Dataset records section start

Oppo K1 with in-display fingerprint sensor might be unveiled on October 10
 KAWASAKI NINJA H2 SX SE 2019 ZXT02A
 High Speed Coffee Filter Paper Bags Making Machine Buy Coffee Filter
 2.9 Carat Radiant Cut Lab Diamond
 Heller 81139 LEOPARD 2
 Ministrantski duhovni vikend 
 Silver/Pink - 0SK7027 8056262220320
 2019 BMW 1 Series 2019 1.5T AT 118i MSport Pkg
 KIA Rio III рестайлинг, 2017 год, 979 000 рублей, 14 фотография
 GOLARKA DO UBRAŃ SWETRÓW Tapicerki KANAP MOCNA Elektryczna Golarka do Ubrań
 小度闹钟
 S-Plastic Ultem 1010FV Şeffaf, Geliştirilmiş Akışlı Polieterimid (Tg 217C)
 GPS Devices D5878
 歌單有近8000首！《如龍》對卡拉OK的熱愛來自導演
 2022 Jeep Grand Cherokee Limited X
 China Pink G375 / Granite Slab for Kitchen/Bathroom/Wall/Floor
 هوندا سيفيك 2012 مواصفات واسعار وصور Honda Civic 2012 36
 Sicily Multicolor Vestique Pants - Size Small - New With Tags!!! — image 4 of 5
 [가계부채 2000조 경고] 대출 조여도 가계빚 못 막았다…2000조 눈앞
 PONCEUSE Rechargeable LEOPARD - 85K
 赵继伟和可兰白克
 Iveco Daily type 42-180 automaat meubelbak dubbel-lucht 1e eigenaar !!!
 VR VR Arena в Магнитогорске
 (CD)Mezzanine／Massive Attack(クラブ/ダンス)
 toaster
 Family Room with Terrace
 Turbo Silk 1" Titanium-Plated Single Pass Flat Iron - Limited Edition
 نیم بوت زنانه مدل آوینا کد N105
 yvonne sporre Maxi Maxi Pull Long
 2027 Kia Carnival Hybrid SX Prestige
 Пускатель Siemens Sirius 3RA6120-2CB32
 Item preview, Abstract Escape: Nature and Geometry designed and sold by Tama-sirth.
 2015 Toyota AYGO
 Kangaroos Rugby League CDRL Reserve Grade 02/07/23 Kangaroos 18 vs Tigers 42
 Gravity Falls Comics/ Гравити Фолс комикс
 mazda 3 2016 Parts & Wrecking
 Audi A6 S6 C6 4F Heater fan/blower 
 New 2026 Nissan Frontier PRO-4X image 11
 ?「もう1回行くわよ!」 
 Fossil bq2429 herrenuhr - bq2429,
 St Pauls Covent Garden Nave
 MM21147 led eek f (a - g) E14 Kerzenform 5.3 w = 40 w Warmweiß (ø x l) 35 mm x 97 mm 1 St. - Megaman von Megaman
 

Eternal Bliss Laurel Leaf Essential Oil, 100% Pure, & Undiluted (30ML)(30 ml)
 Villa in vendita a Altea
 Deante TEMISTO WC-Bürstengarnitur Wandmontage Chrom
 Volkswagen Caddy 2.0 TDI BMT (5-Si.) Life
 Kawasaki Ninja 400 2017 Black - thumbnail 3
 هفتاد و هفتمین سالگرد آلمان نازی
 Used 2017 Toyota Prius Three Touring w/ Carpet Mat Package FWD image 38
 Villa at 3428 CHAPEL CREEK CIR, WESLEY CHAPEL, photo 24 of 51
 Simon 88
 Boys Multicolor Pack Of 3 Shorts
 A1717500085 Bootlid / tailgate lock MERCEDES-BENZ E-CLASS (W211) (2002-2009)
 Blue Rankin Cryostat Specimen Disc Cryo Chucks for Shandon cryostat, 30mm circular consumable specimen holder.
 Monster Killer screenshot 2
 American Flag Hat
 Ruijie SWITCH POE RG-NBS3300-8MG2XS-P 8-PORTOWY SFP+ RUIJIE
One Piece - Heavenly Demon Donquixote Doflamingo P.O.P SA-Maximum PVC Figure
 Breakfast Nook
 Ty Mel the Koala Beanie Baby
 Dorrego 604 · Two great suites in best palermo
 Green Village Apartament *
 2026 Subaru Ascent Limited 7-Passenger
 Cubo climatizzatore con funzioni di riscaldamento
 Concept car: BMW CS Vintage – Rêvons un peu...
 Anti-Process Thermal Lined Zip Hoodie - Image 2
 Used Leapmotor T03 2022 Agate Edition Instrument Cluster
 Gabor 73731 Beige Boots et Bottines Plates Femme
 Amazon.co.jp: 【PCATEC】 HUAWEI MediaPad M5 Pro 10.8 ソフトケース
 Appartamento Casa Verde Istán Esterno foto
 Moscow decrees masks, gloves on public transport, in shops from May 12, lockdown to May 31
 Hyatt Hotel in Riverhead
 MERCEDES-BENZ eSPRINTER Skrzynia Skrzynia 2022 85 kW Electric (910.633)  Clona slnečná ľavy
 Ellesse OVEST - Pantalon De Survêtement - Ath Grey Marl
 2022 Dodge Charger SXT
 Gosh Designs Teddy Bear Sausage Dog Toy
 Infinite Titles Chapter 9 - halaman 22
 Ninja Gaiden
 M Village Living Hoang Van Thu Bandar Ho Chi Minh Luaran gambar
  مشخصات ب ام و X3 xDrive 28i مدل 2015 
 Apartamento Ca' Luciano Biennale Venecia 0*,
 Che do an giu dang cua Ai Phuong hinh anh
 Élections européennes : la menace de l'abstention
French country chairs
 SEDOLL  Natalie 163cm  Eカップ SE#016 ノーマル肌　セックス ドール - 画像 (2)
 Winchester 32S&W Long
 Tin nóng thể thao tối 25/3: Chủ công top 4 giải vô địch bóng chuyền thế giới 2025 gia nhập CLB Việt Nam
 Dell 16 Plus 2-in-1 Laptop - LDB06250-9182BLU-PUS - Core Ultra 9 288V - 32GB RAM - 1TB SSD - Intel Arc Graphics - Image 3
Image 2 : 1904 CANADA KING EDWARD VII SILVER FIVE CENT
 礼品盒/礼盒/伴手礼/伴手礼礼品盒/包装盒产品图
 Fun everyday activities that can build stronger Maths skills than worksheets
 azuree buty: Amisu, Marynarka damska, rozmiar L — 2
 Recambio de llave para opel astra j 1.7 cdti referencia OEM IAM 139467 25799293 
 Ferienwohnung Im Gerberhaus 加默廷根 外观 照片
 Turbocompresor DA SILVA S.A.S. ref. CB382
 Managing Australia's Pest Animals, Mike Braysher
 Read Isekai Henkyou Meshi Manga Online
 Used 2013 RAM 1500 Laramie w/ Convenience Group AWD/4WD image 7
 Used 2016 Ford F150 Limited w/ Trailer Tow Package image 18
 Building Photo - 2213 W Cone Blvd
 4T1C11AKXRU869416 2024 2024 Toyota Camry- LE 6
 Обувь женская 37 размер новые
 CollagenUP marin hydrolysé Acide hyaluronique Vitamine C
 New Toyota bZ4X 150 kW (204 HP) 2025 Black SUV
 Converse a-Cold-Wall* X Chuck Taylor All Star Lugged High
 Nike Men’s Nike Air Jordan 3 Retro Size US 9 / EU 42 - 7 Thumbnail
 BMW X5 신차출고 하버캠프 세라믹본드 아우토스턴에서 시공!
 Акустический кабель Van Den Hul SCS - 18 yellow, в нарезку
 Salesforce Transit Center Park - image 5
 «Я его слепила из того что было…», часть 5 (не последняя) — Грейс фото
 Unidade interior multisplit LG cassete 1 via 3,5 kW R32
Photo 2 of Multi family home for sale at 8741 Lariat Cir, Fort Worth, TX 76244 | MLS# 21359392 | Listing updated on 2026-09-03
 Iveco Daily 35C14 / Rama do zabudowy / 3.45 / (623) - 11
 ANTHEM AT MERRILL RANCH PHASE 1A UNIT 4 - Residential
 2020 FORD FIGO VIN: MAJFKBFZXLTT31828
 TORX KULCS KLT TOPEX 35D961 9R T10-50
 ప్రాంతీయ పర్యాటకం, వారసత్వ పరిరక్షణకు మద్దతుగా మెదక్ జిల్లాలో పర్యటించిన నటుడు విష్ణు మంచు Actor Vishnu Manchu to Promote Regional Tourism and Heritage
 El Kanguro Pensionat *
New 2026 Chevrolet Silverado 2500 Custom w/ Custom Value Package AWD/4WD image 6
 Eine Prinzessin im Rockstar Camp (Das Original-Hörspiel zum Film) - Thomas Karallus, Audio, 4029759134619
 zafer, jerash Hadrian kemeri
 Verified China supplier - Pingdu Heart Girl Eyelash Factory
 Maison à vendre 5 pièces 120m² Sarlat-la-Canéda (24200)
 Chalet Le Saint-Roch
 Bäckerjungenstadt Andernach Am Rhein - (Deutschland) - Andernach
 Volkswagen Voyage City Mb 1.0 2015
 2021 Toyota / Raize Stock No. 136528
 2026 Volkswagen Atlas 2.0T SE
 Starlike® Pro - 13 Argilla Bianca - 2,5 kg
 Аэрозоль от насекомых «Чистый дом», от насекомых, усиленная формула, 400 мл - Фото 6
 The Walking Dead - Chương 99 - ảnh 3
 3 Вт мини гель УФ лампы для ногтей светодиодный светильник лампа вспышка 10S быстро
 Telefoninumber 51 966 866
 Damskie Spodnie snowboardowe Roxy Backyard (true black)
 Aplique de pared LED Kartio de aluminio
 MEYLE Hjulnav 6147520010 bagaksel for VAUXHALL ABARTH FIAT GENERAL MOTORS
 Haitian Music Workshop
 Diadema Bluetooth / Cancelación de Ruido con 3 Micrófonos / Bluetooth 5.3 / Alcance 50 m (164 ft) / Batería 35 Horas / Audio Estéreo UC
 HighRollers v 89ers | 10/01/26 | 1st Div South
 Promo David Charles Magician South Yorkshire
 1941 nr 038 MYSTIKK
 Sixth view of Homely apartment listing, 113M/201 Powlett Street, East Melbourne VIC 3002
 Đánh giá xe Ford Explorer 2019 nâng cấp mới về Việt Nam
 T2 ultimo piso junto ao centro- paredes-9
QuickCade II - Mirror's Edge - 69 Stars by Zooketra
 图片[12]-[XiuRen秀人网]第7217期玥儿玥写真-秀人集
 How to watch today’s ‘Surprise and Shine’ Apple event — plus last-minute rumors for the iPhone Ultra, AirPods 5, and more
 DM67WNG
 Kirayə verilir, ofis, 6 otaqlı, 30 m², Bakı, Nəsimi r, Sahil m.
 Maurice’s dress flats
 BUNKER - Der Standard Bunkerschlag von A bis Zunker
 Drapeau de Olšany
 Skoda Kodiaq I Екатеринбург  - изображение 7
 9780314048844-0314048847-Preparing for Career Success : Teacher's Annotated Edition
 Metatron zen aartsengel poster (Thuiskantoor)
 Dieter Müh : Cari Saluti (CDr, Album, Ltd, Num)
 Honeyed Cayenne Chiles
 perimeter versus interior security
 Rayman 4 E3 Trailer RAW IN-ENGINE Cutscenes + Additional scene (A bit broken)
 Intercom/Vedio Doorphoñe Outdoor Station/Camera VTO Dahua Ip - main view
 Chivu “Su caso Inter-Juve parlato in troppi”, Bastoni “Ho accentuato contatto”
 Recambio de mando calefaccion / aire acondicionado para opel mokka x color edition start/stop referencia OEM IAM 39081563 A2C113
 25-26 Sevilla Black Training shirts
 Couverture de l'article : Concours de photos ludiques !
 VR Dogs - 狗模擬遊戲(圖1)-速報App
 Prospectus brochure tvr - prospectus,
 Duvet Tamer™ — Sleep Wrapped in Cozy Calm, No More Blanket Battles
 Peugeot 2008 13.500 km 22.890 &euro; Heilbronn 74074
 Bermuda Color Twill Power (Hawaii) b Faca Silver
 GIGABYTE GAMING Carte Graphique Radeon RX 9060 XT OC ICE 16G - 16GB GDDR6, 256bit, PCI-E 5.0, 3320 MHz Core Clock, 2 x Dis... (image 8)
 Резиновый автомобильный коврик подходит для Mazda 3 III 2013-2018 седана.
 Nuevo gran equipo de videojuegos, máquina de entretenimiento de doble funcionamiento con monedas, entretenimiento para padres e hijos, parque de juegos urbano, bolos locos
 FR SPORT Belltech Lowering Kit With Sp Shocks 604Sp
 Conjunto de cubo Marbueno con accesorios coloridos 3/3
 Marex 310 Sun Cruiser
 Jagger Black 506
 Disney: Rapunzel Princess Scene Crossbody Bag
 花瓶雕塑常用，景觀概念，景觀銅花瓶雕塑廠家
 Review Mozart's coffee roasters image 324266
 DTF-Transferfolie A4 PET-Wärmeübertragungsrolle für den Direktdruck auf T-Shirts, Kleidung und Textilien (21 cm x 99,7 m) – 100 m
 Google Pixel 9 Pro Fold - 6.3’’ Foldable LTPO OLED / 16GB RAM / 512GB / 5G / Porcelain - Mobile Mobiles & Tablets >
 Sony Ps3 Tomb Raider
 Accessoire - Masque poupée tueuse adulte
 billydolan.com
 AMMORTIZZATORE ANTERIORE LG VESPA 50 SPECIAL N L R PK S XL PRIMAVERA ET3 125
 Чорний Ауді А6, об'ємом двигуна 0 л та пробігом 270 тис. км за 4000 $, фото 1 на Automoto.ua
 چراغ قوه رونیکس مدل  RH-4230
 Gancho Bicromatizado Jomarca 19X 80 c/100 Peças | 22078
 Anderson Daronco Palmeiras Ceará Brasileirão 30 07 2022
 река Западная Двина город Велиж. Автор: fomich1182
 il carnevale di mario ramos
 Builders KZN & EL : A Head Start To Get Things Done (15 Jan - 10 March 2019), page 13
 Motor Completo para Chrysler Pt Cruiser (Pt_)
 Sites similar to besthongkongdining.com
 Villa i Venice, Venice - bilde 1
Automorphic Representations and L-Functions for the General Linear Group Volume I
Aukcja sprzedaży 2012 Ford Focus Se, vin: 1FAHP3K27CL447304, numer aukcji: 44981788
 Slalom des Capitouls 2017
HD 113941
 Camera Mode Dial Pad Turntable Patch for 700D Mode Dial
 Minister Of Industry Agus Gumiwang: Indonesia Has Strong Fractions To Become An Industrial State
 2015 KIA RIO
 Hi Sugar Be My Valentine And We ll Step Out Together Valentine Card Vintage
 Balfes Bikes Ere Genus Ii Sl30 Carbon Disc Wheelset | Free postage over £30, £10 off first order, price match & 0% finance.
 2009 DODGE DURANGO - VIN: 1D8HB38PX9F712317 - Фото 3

Dataset records section end

* _Problem to solve_
In the material above, locate the line containing "One Piece - Heavenly" and the line containing "Used Leapmotor T03". Transcribe exactly those two lines and every line between them, and nothing more.

* _Solution to the problem_
One Piece - Heavenly Demon Donquixote Doflamingo P.O.P SA-Maximum PVC Figure
 Breakfast Nook
 Ty Mel the Koala Beanie Baby
 Dorrego 604 · Two great suites in best palermo
 Green Village Apartament *
 2026 Subaru Ascent Limited 7-Passenger
 Cubo climatizzatore con funzioni di riscaldamento
 Concept car: BMW CS Vintage – Rêvons un peu...
 Anti-Process Thermal Lined Zip Hoodie - Image 2
 Used Leapmotor T03 2022 Agate Edition Instrument Cluster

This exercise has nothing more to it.